La tesi di Jaspers è che la malattia mentale non abbia in alcun modo innestato in Van Gogh del talento, ma che lo abbia piuttosto rivelato:
La personalità, il talento preesistono alla malattia, ma non hanno la stessa potenza. In queste personalità la schizofrenia è la condizione, la causa possibile perché si disvelino queste profondità. […] Bisogna guardarsi da qualsiasi esagerazione. La schizofrenia non può essere creativa senza la conquista di una tecnica pittorica, senza una completa padronanza artistica come quella che Van Gogh acquisì in quasi dieci anni di lavoro, dopo essersi sforzato tutta la vita di arricchire le sue possibilità interiori.
Jaspers prova a ricostruire le principali tappe del processo morboso descritte da Van Gogh nella lunga corrispondenza col fratello Theo, avviata nel settembre del 1875 e conclusasi con la sua morte nel 1890.
Il primo radicale cambiamento nello stile e nel tono delle lettere è rintracciabile a partire dal 1885. Il pittore riferisce dei suoi primi disturbi fisici. Seguono lunghi periodi di stanchezza, irascibilità, angoscia, difficoltà di pensiero, alternati a brevi momenti di tranquillità. Il periodo più straordinariamente produttivo è legato al trasferimento dell’artista ad Arles, in Provenza. Qui il contatto con la natura e la luminosità dei campi di grano gli restituiscono lo slancio vitale.
L’incontro con Gauguin e il dramma della malattia
Ad Arles Van Gogh trascorre un breve periodo in compagnia di Gauguin. Quest’ultimo decide di ripartire prematuramente per l’impossibilità di una serena convivenza insieme. L’abbandono di Gauguin induce Van Gogh a mutilarsi un orecchio, per il forte senso di colpa nei confronti dell’amico.
Che Van Gogh soffrisse di un processo morboso è dunque indubbio, ma quale fosse la natura della sua patologia resta discutibile. Jaspers respinge la diagnosi di epilessia formulata dai medici che lo visitarono. La capacità di Van Gogh di dominare la sua malattia e di conservare una capacità di autocritica, di apprendimento e riflessione restano sconcertanti anche in un profilo schizofrenico.

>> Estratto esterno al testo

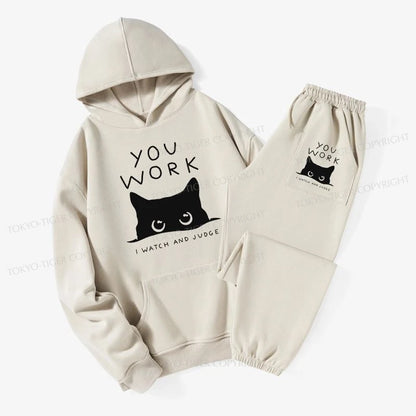 Tokyo-Tiger A Cat That Spies Fleece Lined Hoodie Set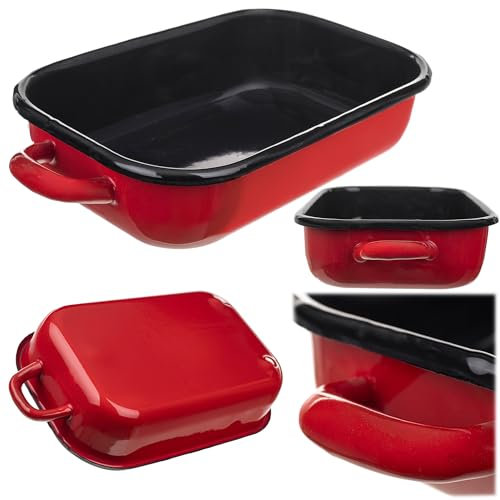 KADAX Emaille Auflaufform 34 x 18.5 cm, rechteckig, Ofenform mit Griffen, große Lasagneform, rechteckige Backform, traditionelle Bräter für Lasagne (3.4L)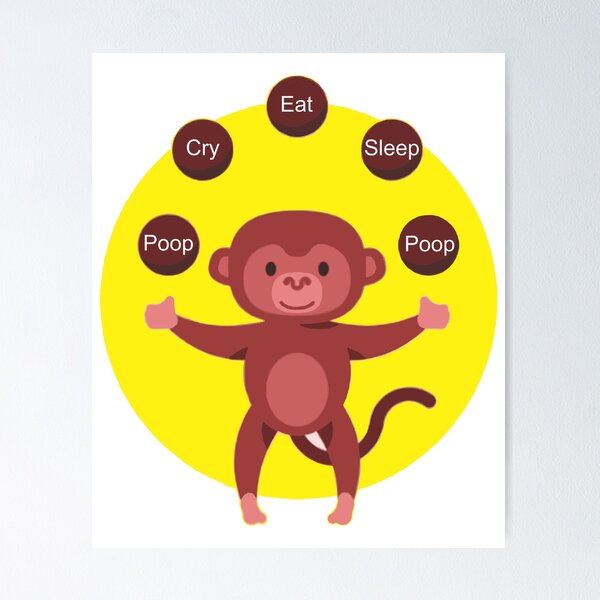 Item preview, Baby Monkey Poop Cry Eat Sleep Poop Daily designed and sold by TerScott.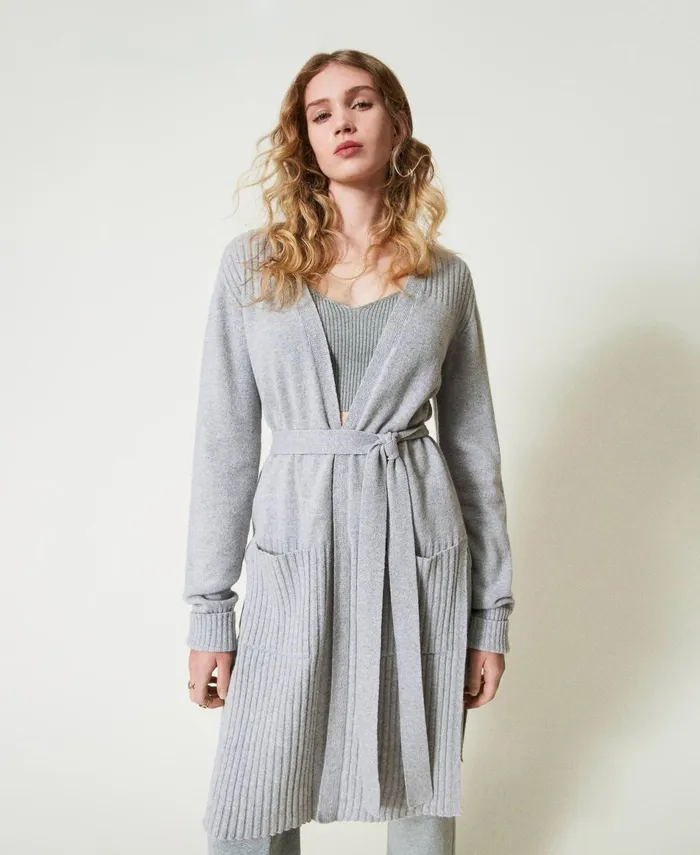 Twinset Wool And Lurex Blend Maxi Cardigan Twotone Grey Silver Women Jumpers And Cardigans Twinset Wool And Lurex Blend Maxi Cardigan Twotone Grey Silver Women Jumpers And Cardigans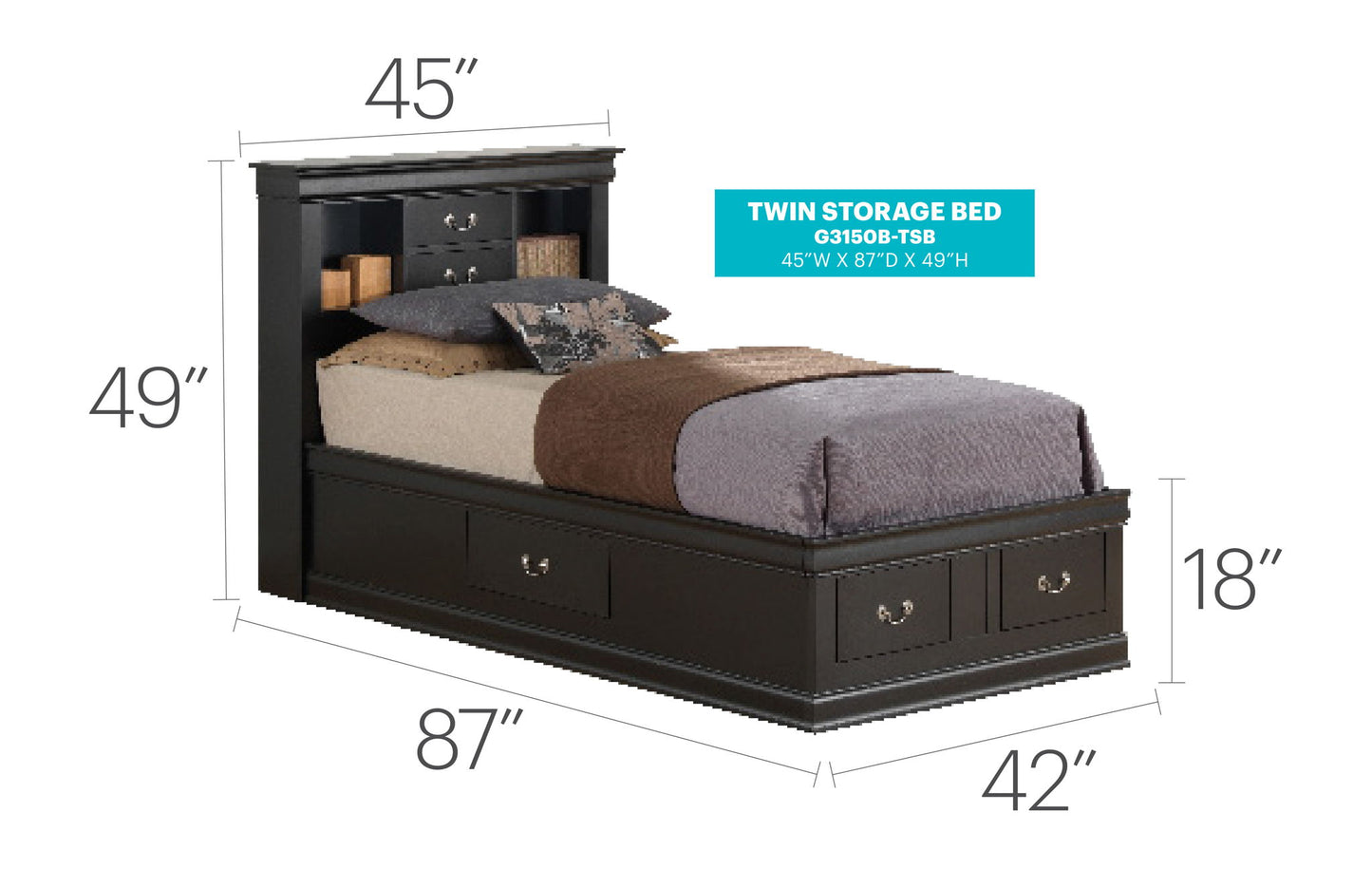 Glory Furniture - Louis Phillipe - Bookcase Storage Bed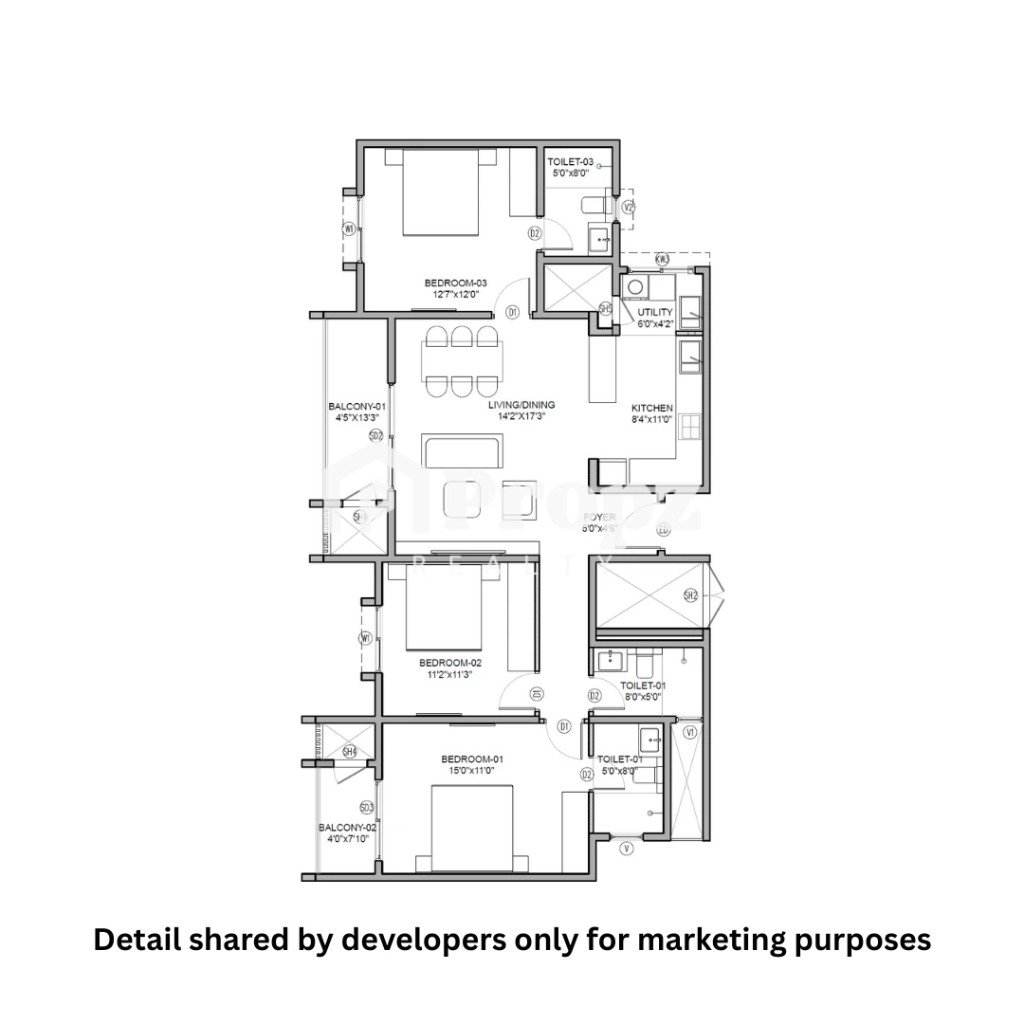 3 BHK Compact floor plan — Birla Evara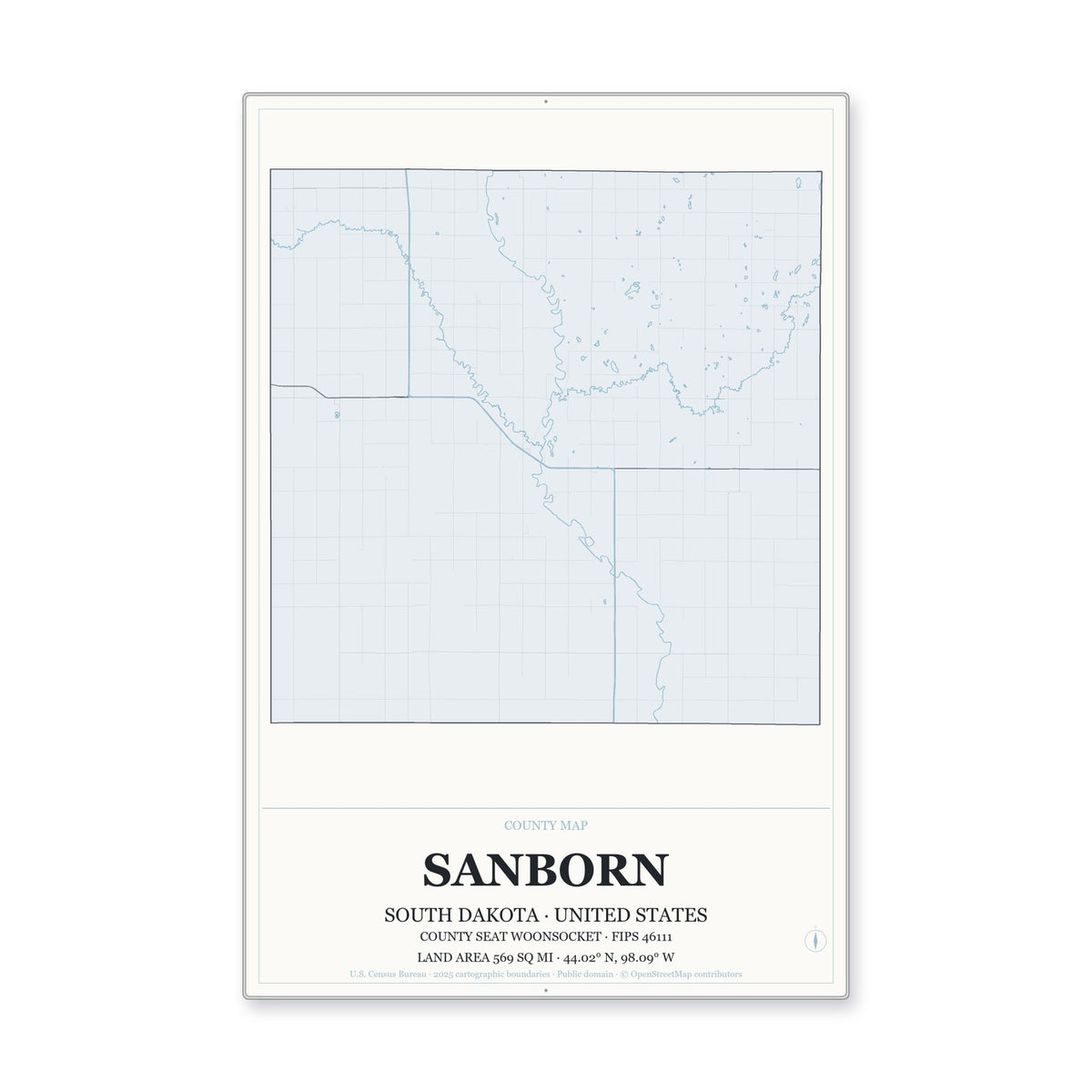 Sanborn County, South Dakota Map Aluminum Sign in Gallery Air style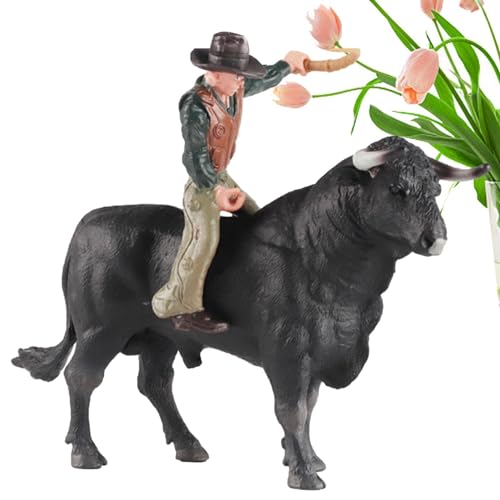 Gvblkq Cowboy-Bullenreitspielzeug | Simuliertes wildes spanisches Stierkämpfer-Rindermodell - Spielset „Rodeoes Collection“, Vorschule, Wissenschaft, Bildung, Lernen, kognitive Requisiten, Geschenk von Gvblkq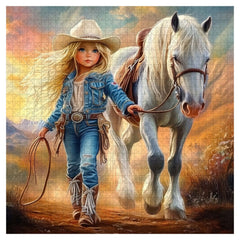 Blonde Cowgirl Jigsaw Puzzle 1000 Pieces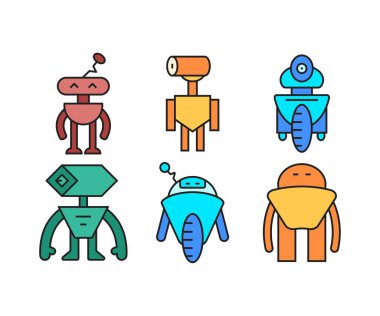 insansı robot karakter simgeleri ayarlandı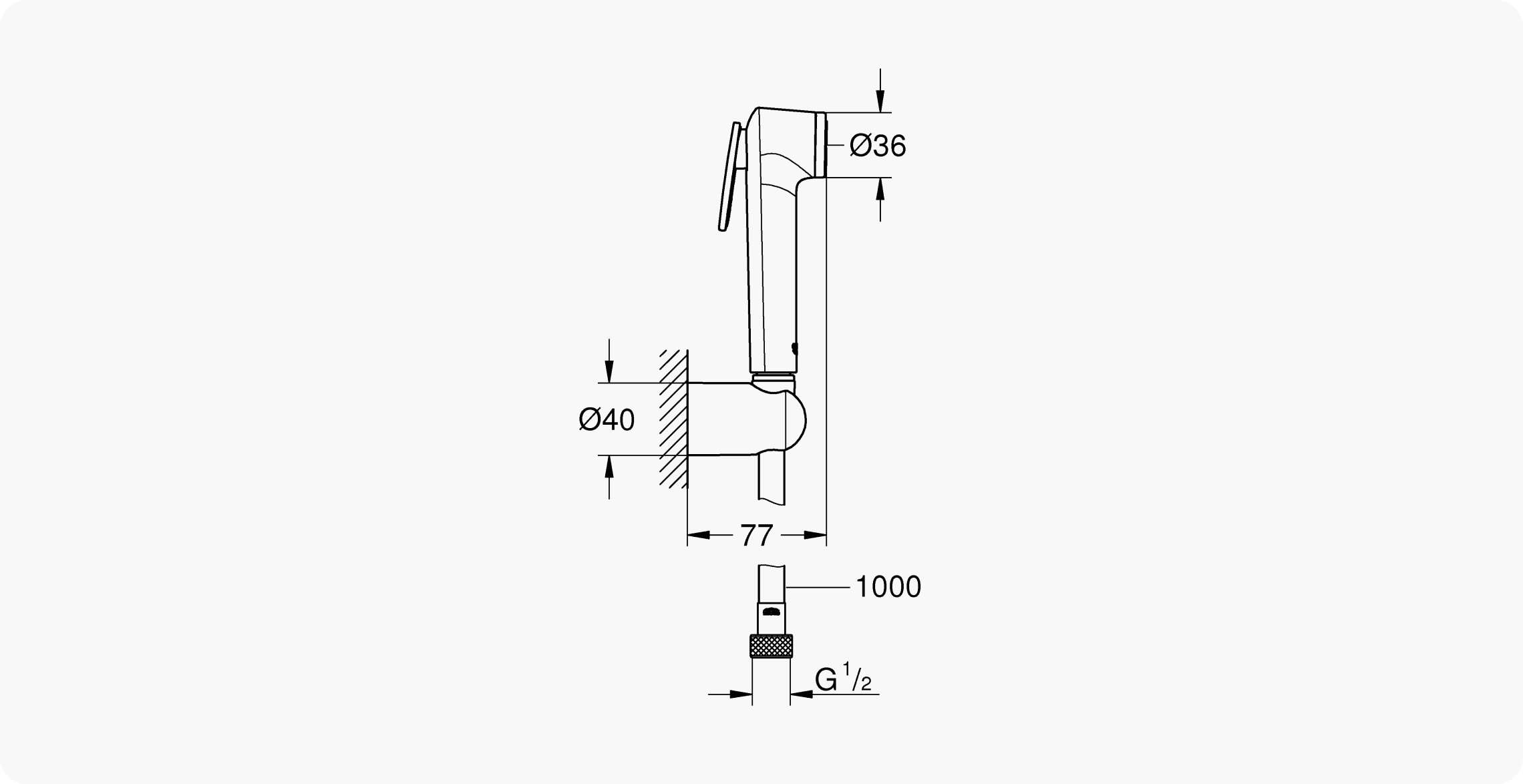 Набор для гигиенического душа GROHE Tempesta-F Trigger Spray 30, 1000 мм, хром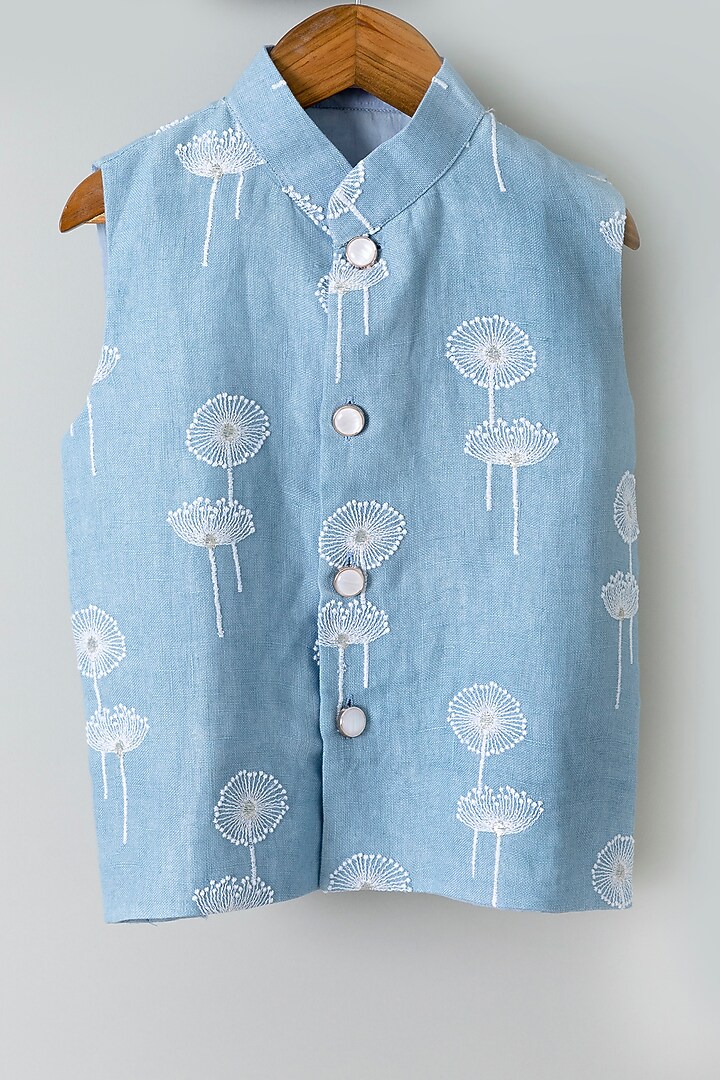 Blue Linen Embroidered Bundi Jacket Set For Boys by Chotibuti at Pernia's Pop Up Shop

In definitiva, Jaspers ritiene che in Van Gogh attività, vita, opere formino un’unità inscindibile che affonda le sue radici più profonde non nella patologia, ma nella ricchissima vita spirituale dell’autore.
La creazione artistica oscilla fra due poli: da una parte ci sono quelle opere rotonde, catafratte, che non rimandano all’esistenza dell’autore o ad altre opere, e la cui serena bellezza si gode, per così dire, fuori del tempo; dall’altra ci sono nella storia dell’arte occidentale opere che esprimono un’esistenza, che sono soluzioni parziali, passi su una via, cosa che non impedisce loro di essere formalmente compiute e perfette: è questo il caso di Van Gogh.
Martina Dell’Annunziata
Bibliografia
V. Van Gogh, Lettere a Theo, con Introduzione di K. Jaspers, Guanda Editore, 1993.